Com seriedade e cuidado na escrita, acompanhamos uma epidemia de cegueira, onde, um por um, as pessoas simplesmente ficam cegas. No começo podemos ver como os que ainda enxergam tratam as pessoas que recém cegaram; como são sujeitadas à condições desumanas e intensa exploração.
Mas, e se toda a população cegasse? Quem ficaria responsável pela ordem? Quem cuidaria dos outros? E, o mais importante, até onde as pessoas estão dispostas a chegar em condições tão extremas assim?
Saramago consegue nos guiar majestosamente por esse mundo traiçoeiro com sua escrita pouco convencional. Eu diria até que seus diálogos sem marcações ajudam nessa experiência específica. Se realmente ficássemos cegos, teríamos que nos adaptar a distinguir os falantes apenas por suas vozes.

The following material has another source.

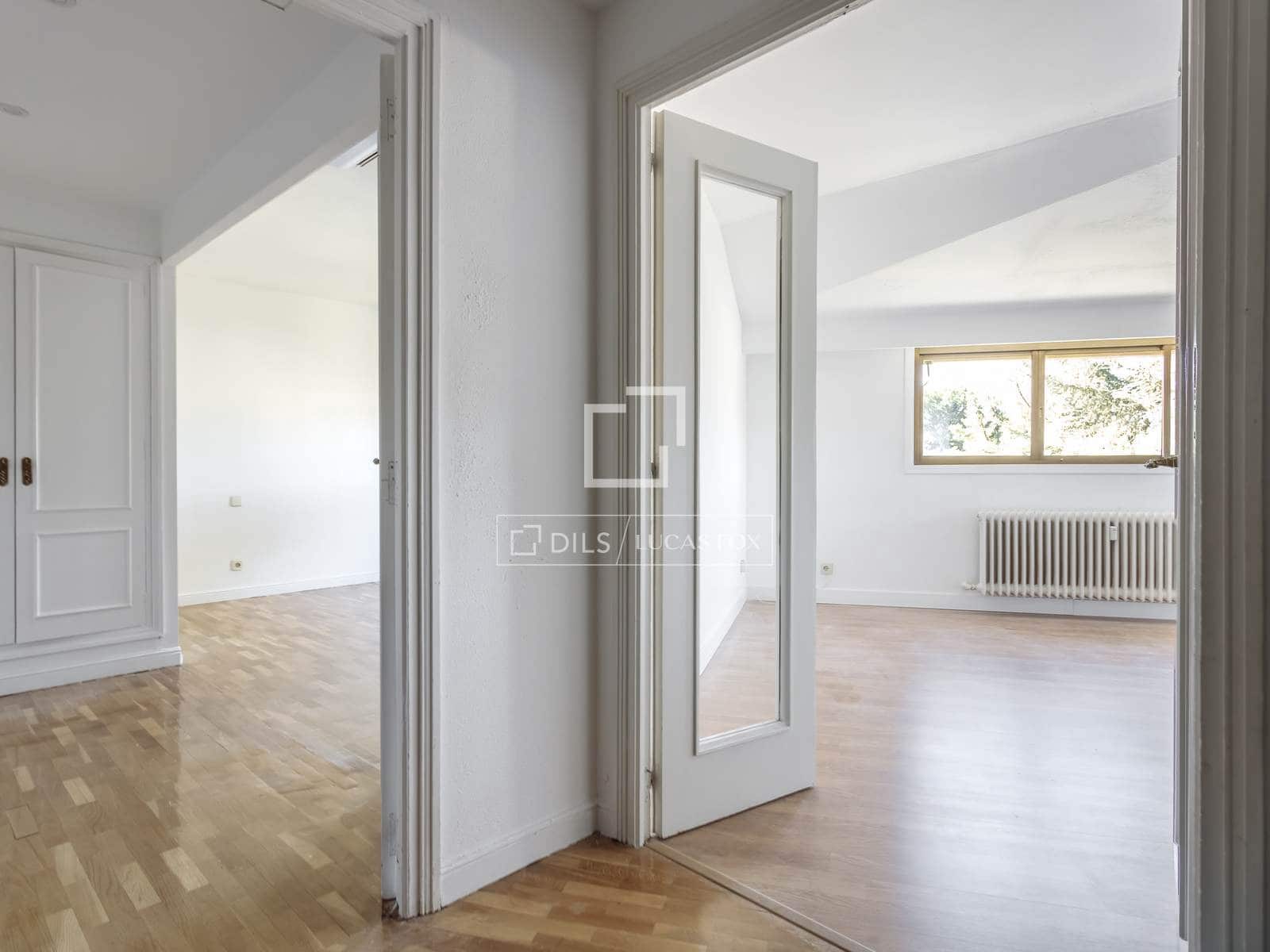 6 Zimmer Apartment zu vermieten in Madrid Stadt mit Pool Garage - 3.100 € (Ref: 9778986)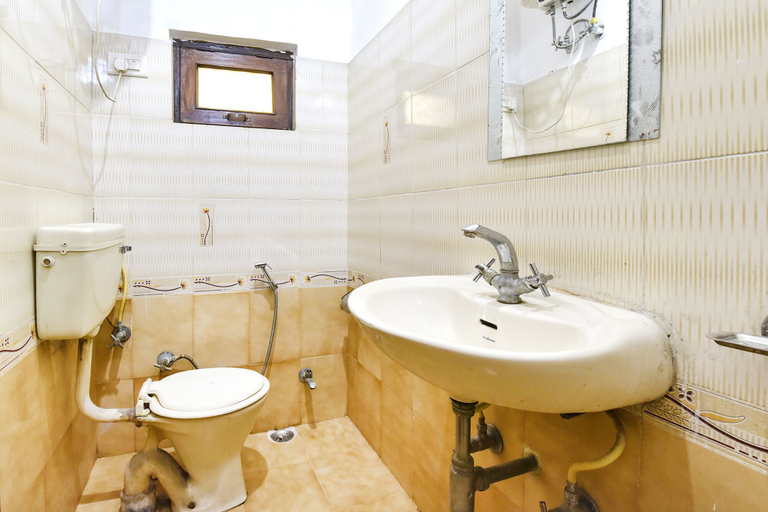 Bathroom 3, Fabhotel Basera, Hardwar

Não só na escrita ele mostra sua habilidade, mas também no narrador. Temos uma voz cheia de valores e que mostra julgamento, sempre com um tom sarcástico para mostrar como o orgulho do homem pode ser rapidamente ferido e sua verdadeira face exposta (seja ela boa ou má).
E é nessa exposição do ser humano que o livro trabalha em cima. A cegueira não é apenas a perda de visão, mas sim da própria humanidade; do espírito. As pessoas se cegaram das emoções, dos sentimentos e da razão. Podemos ver, durante todo o livro, a degradação do ser humano, sendo perdida a mente, a empatia e até o próprio corpo.
E isso nos faz pensar: será que não já estamos todos cegos nesse mundo em que vivemos? O livro nos mostra um mundo exagerado, sim, mas completamente fundamentado no nosso próprio. Já vivemos em uma sociedade que se aproveita dos outros. Se descuidar e cair de cabeça nesse caos é possível. Será que já não somos todos assim?
Esse incrível livro é muito impactante mas também muito pesado. Não posso recomendar para os mais fracos de estômago mas, para todos os outros, é uma leitura obrigatória.
E, nas palavras de Saramago, "[...] o instinto serve melhor os animais do que a razão serve o homem."